ファンドと投資銀行に高く買わされたか
では、日立がなぜこんな高い買収を行ったのかというと、この案件の詳細というのを見れば見るほど明らかになってきます。
このグローバルロジック社の株主が誰かということを見ますと、1つはこのカナダ年金制度投資ということで、日本でいうところのGPIFみたいなもので要は投資ファンドです。
さらにはこのパートナーズグループというのは投資ファンドですから、要はファンドが持っていた訳なんです。
ファンドというと上場企業を持っていたのだったら、その株価変動によってやがて売却することによって利益を得る、あるいは配当をもらうということができるのですが、未上場企業を買うとどこかでやはり売却しないといけません。
それがIPOになる場合もあるのですが、そうではない場合は、どこかの会社に売らなければなりません。
なので、どこか買ってくれる会社はないか?というのを常に探していたと思われます。
そういう時に間に入ってくるのが、いわゆる投資銀行と言われる会社です。
外資系で言うとゴールドマン・サックスとかモルガン・スタンレーとか、日本でいうと野村証券、大和証券こういったところがこれらの会社の株式をいかにどの会社に売ろうかと、しかも投資銀行としてはより少しでも高い金額で売ろうとしてきます。
当然、売り手としてもより高い金額で買ってくれるところを探している訳です。
実は私自身がこの投資銀行にかつて所属していたこともありまして、その辺は手に取るように分かるのですが、高く買ってくれるところはないかなと探していた時に、この日立の中期経営計画を見てみます。
ここで2021中期経営計画という中で2兆円から2.5兆円の買収をするというようなことをすでに言っています。
およそ1兆円はすでに使ったのですが、まだ1兆円の枠が残っています。
この1兆円の枠というところに対して、投資銀行はいかに企業を売ってねじ込むかということを考えます。
これを実際の具体的な数値まで公表しているというような、もはや日立は隙だらけだったということができます。
しかも大企業ですから、一度決めた計画をそう簡単に動かすことはできません。
そんな中でこのファンドと投資銀行というところが一緒になって、日立というところを見つけ出して買い手として選んだのではないかと思います。
もちろん日立だけではなくて、いろんな会社を実は競争させたと思います。
しかし日立がどうしても欲しいということになったからこそ、これだけ高い金額につり上がってしまったのではないかと思います。
妥当な金額は3分の1
正直な妥当な金額で見たら3分の1ぐらいの値段であってもおかしくないような案件ではないかと思います。
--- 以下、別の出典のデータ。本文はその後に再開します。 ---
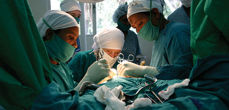 Hamlin Fistula Hospital gir kvinner et nytt liv ved å operere fistula-skader. De utdanner jordmødre og fødselshjelpere. De holder kurs for kirurger fra hele verden. Foto: hamlinfistula.org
ちなみに売ったのは実は投資ファンドだけではなくて、その他にも個人・経営者等が10%を保有していました。彼らも日立に株を売って、現金が入って万々歳ということになりました。
おそらくしばらくは経営陣として残るかもしれませんが、やはりそういう人達はやがて出ていくものです。
そうやって経営陣を失って、果たして日立が上手くコントロールできるのかという疑問もまだ残っています。